→ What is needed
Please return the listing below word for word, minus its pictures.

→ Extracted records

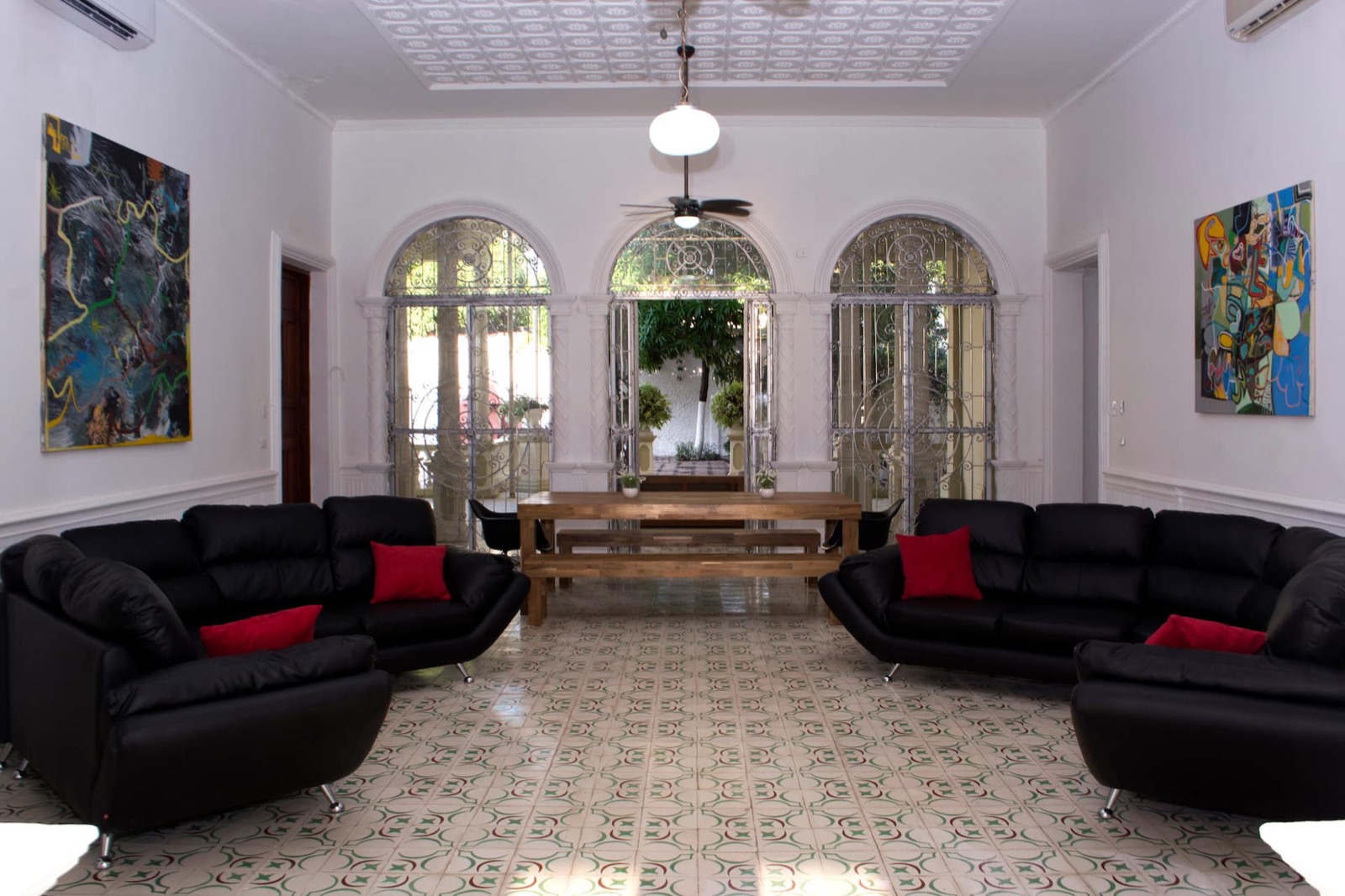 Beautiful 11 Bedroom Mansion near the Old City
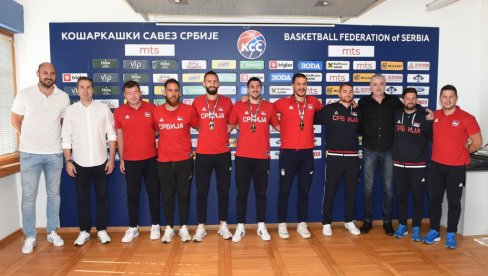 ДОНЕЛИ 11. МЕДАЉУ: Свечани пријем у Кући кошарке за нове-старе прваке Европе у баскету 3-на-3 ДОНЕЛИ 11. МЕДАЉУ: Свечани пријем у Кући кошарке за нове-старе прваке Европе у баскету 3-на-3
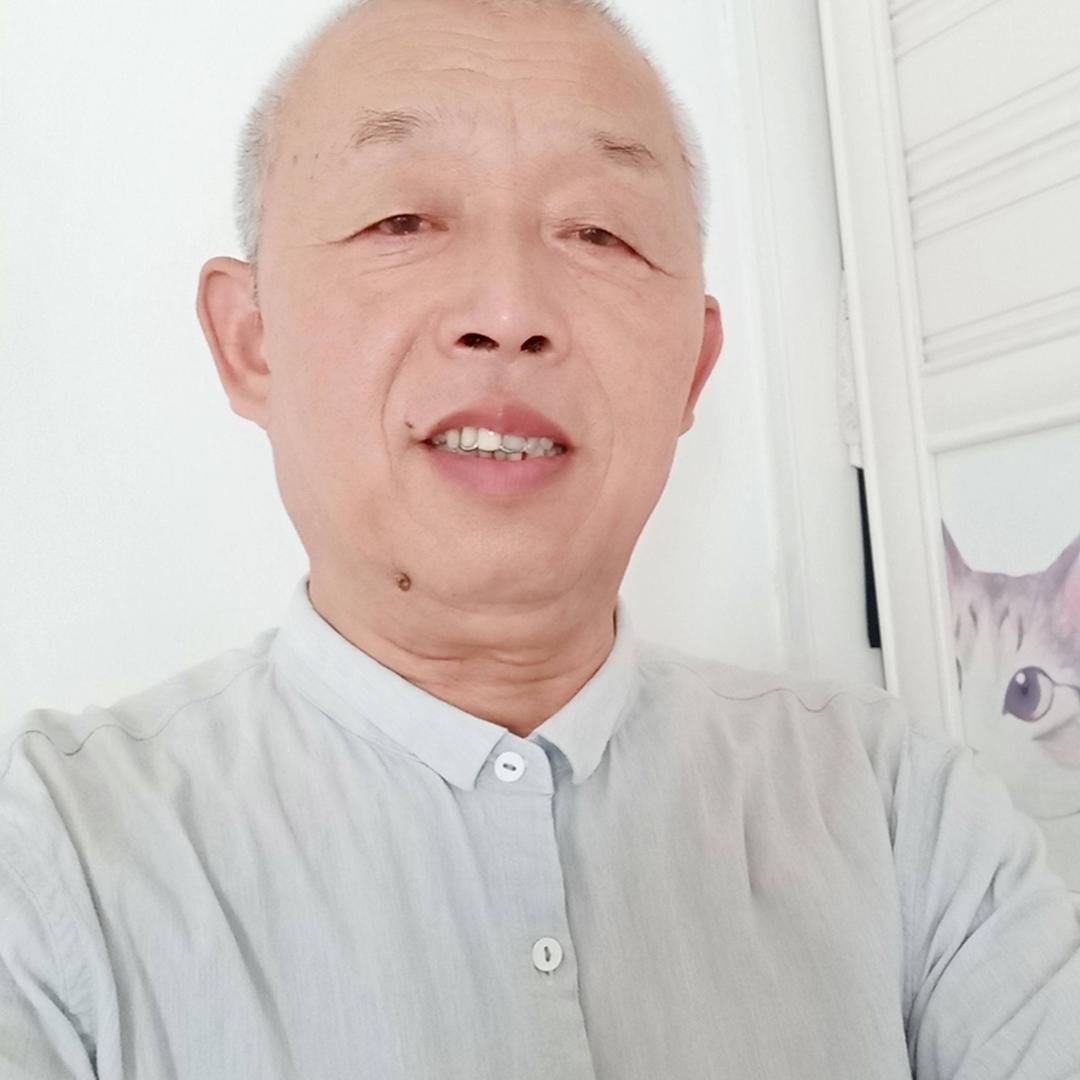笨老头。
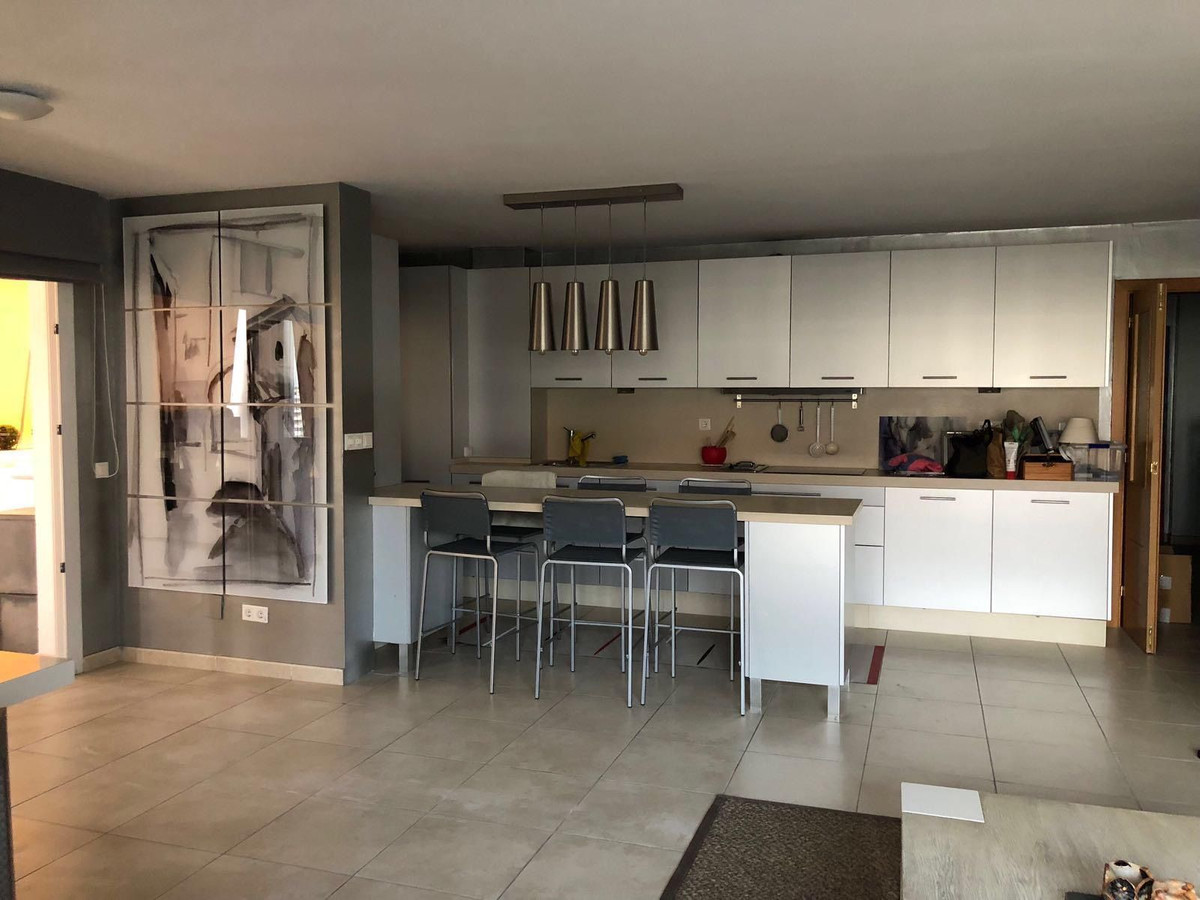 2 спални - Апартамент за продажба в Nueva Andalucia, Marbella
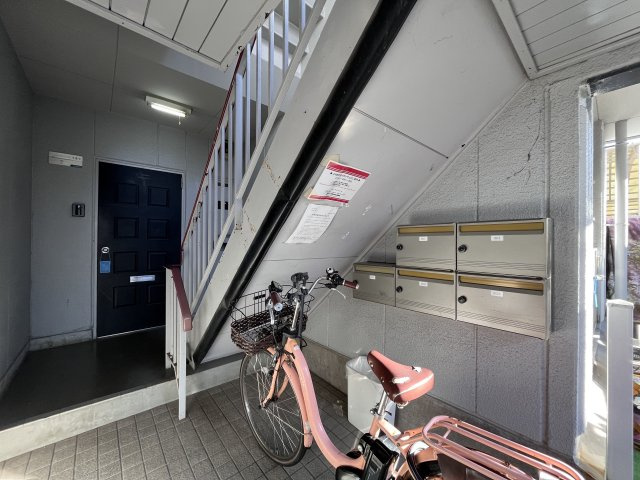 ライフ遠里小野のエントランス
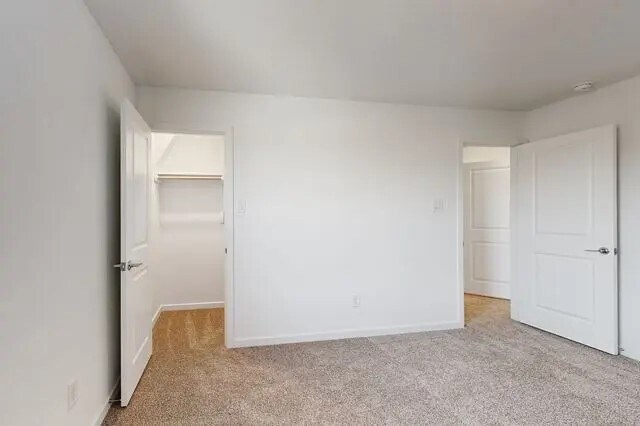 Building Photo - 21611 Shadowbrook Birch Dr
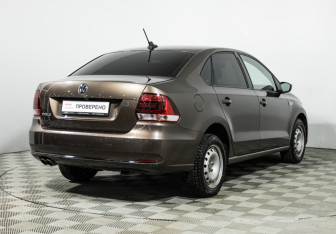 Подержанный автомобиль Volkswagen Polo Sedan 2018 года (5 фото)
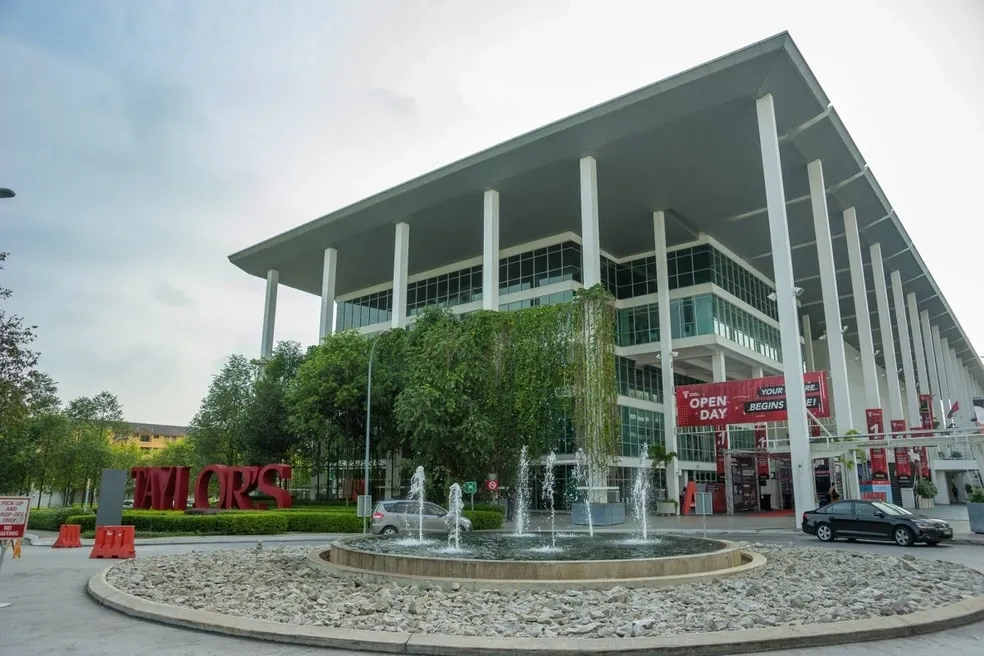 Taylor College KL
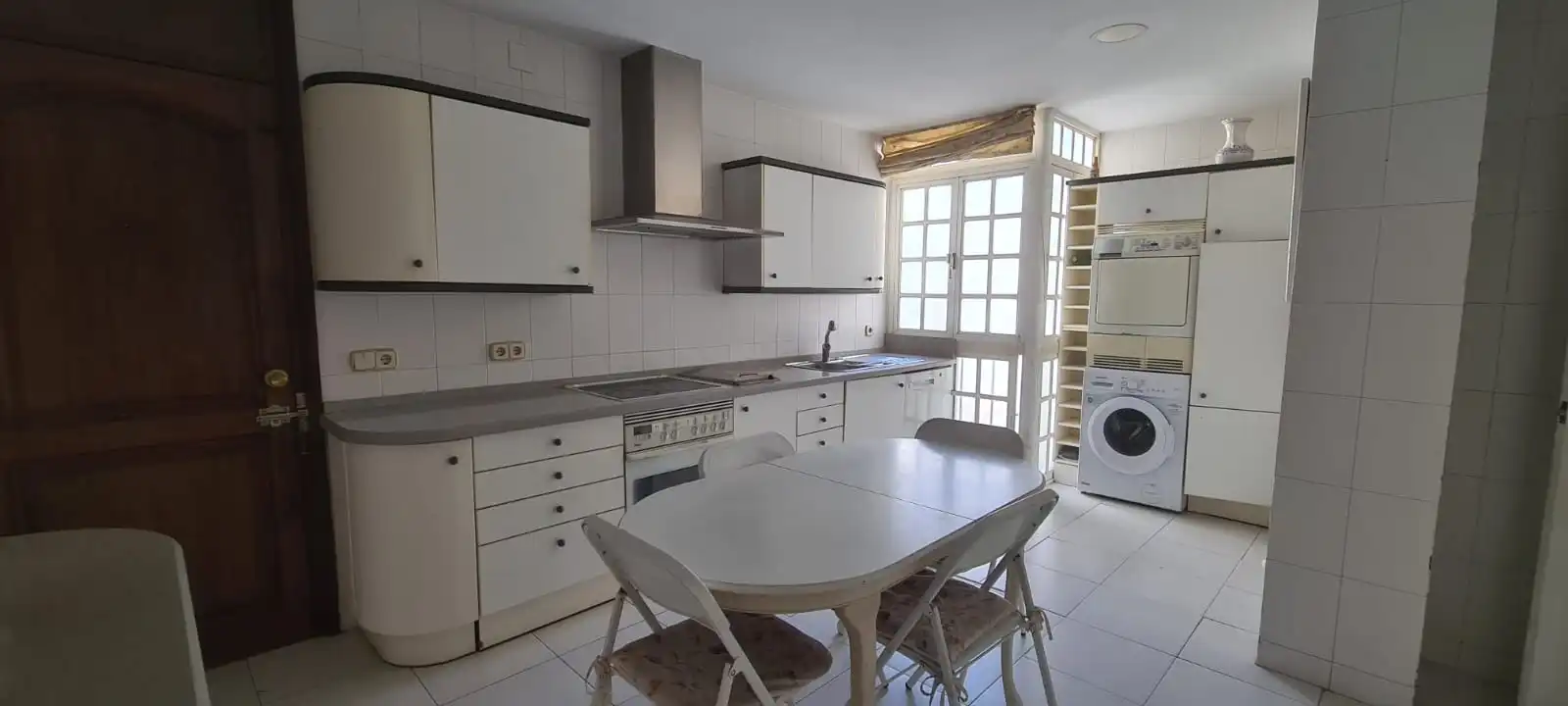 Kitchen of Flat for sale in Sevilla  with Furnished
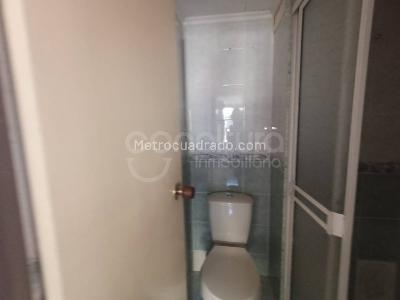 Apartamento de 3 alcobas en venta en Amazonia, Bello, 67 m² · foto 14 de 17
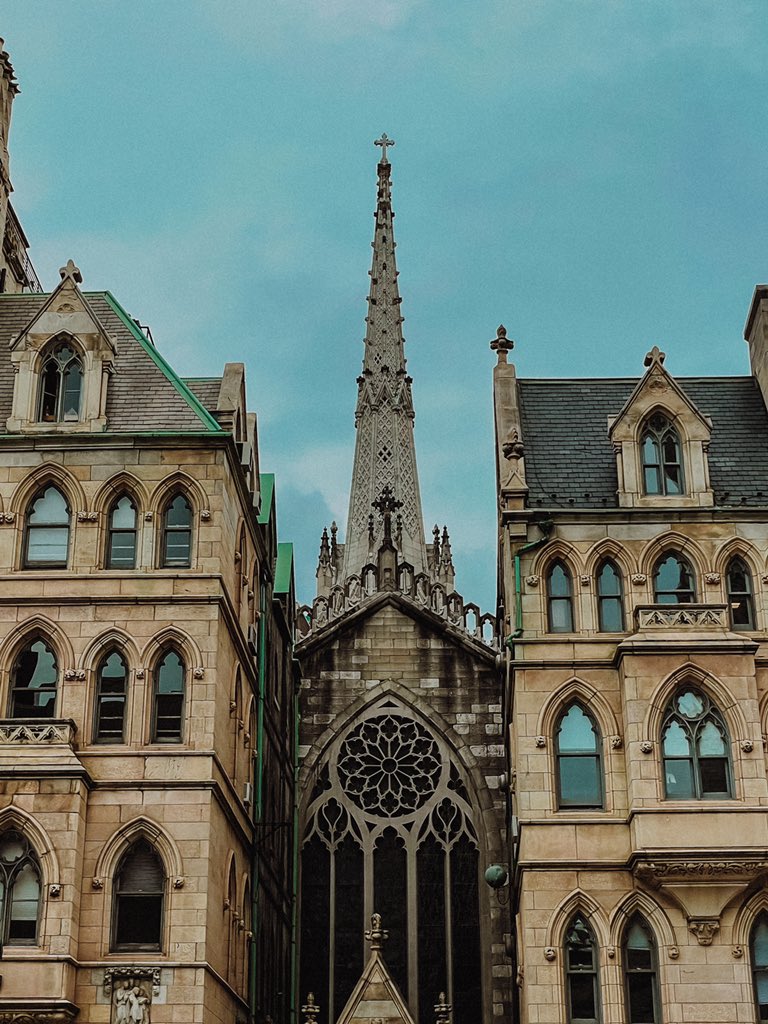 rickstwe's tweet photo. Graces Church in New York 🏙 https://t.co/HwDu6JBsWd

→ Solution for this task
 Beautiful 11 Bedroom Mansion near the Old City
 ДОНЕЛИ 11. МЕДАЉУ: Свечани пријем у Кући кошарке за нове-старе прваке Европе у баскету 3-на-3 ДОНЕЛИ 11. МЕДАЉУ: Свечани пријем у Кући кошарке за нове-старе прваке Европе у баскету 3-на-3
笨老头。
 2 спални - Апартамент за продажба в Nueva Andalucia, Marbella
 ライフ遠里小野のエントランス
 Building Photo - 21611 Shadowbrook Birch Dr
 Подержанный автомобиль Volkswagen Polo Sedan 2018 года (5 фото)
 Taylor College KL
 Kitchen of Flat for sale in Sevilla  with Furnished
 Apartamento de 3 alcobas en venta en Amazonia, Bello, 67 m² · foto 14 de 17
 rickstwe's tweet photo. Graces Church in New York 🏙 https://t.co/HwDu6JBsWd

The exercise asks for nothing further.